Incorporating Discourse and Syntactic Dependencies into Probabilistic Models for Summarization of Multiparty Speech

PhD Thesis: Columbia University (Ph.D. thesis) |

Automatic speech summarization can reduce the overhead of navigating through long streams of speech data by generating concise and readable textual summaries that capture the “aboutness” of speech recordings, such as meetings, talks, and lectures. In this thesis, we address the problem of summarizing meeting recordings, a task that faces many challenges not found with written texts and prepared speech. Informal style, speech errors, presence of many speakers, and apparent lack of coherent organization mean that the typical approaches used for text summarization are generally difficult to apply to speech. On the other hand, meetings provide a rich source of structural and pragmatic information that presents many research opportunities.
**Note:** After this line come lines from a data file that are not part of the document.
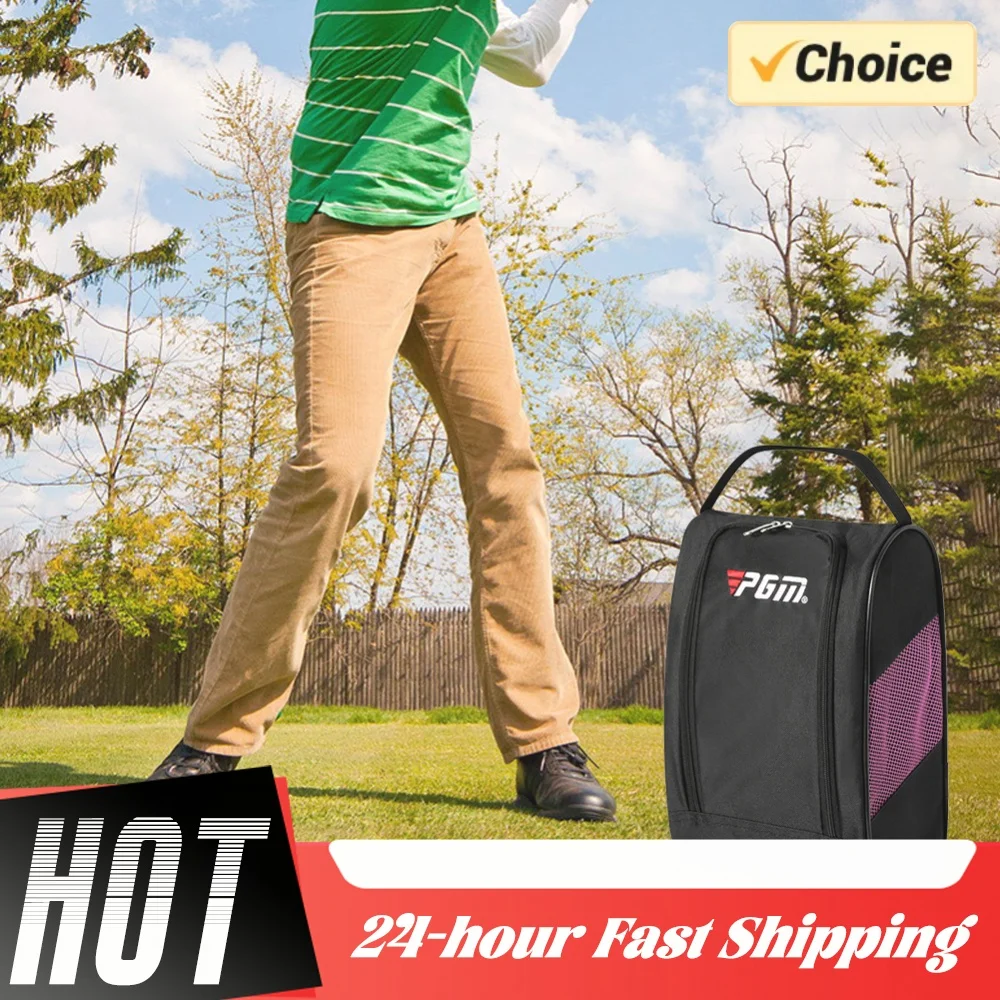 Unisex Golf Shoe Carrier Bags with Zipper Nylon Travel Shoes Carrier Bags Hand-Held Breathable Ultra-light Sports Accessories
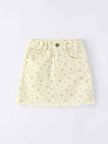 Flower Letter Girl Short Sleeve Top Denim Skirt Set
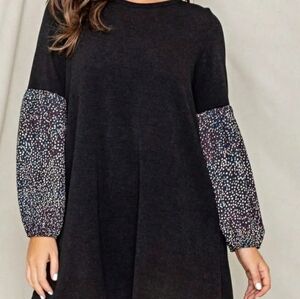 NIP eloges Sz. M Black Crew‎ Neck Puffed Long Sleeve Mini Skirt/Long top
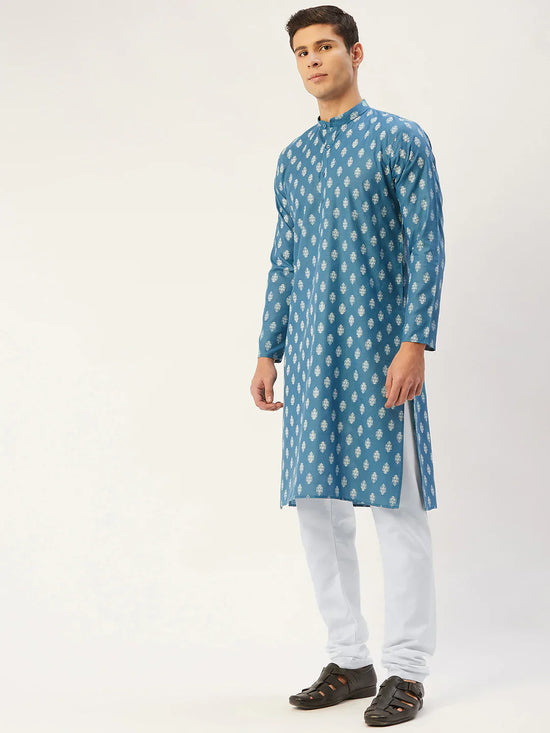 Men Teal and White Floral Printed Kurta with Churidar-JOKP-650Teal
In this work, we illustrate how techniques that exploit automatically derived pragmatic and syntactic structures can help create summaries that are more on-target and readable than those produced by current state-of-the-art approaches. We present a conditional Markov random field model for summary sentence selection that exploits long-distance dependencies between pragmatically related utterances, such as between a question and its answer, or an offer and its acceptance. These dependencies are automatically inferred by a probabilistic model of interpersonal interaction, and are instrumental in achieving accuracies superior to competitive approaches. We also investigate the problem of rendering errorful and disfluent meeting utterances into sentences that are readable, pertinent, and concise. We present a trainable syntax-directed sentence compression system that automatically removes information-poor phrases and clauses from the syntax tree of each input sentence.

A novel aspect of this sentence compression approach lies in its use of Markov synchronous context-free grammars, which provide a probabilistic decomposition of deletion rules into lexicosyntactic sub-structures more amenable to robust estimation. This sentence compression technique was effectively applied to both speech and written texts, and produces sentences that were judged more grammatical than those generated by previous work.